Herta Wescher (née Herta Kauert; 1899 – March 3, 1971) was a German art critic and art historian, who worked in France. She specialized in the study of modern art, and was an authority of collage art.

== Early life and education ==
Herta Kauert was born in 1899, in Krefeld, Germany, to parents were Maria (née Jentges) and merchant Heinrich Kauert. She attended the lyceum, and also took private classes; in 1917 she graduated from high school in Bonn.
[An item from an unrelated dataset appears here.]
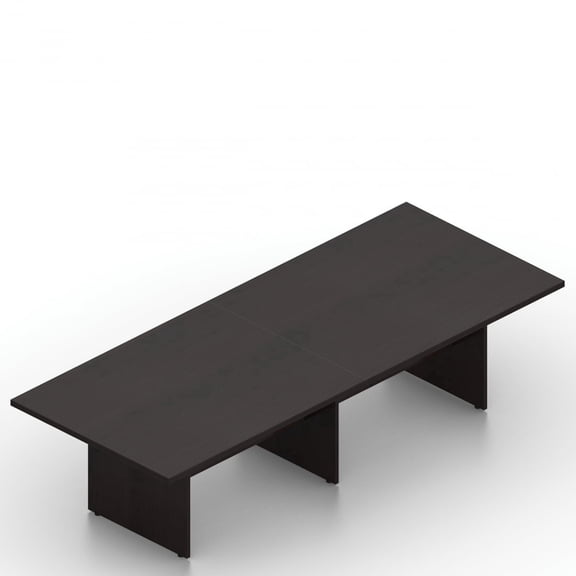GOF 10 Ft. Rectangular Office Conference Table, Modern Meeting Room Desk, Durable Laminate (Espresso)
After graduating from high school, she studied art history, history, and archeology at Heidelberg University, at the Ludwig-Maximilians-Universität München, and the University of Freiburg. She studied under Swiss-German art historian, Heinrich Wölfflin in Munich, and formed relationships with Wölfflin's students, such as Franz Roh, Hans Curjel, Sigfried Giedion, and Carola Giedion-Welcker. In Freiburg, Kauert studied under art historian Hans Jantzen, where she met Jantzen's student Paul Wescher in 1923. She married Paul Wescher in the same year. She received her doctorate from the University of Freiburg under Jantzen in 1924, her thesis was on the 16th century painter Sebastian Dayg.

== Career ==
After graduation, her husband received a position at the Berlin State Museums and she worked there on a voluntary basis in the graphics department under the direction of Max J. Friedländer. Through Friedländer, she was given the opportunity to work on the catalog raisonné of Peter Paul Rubens together with the art historian Ludwig Burchard. She was also involved in the contemporary art scene in Berlin, influenced by Franz Roh, Curt Glaser, Siegried Curjel and the Bauhaus teacher László Moholy-Nagy.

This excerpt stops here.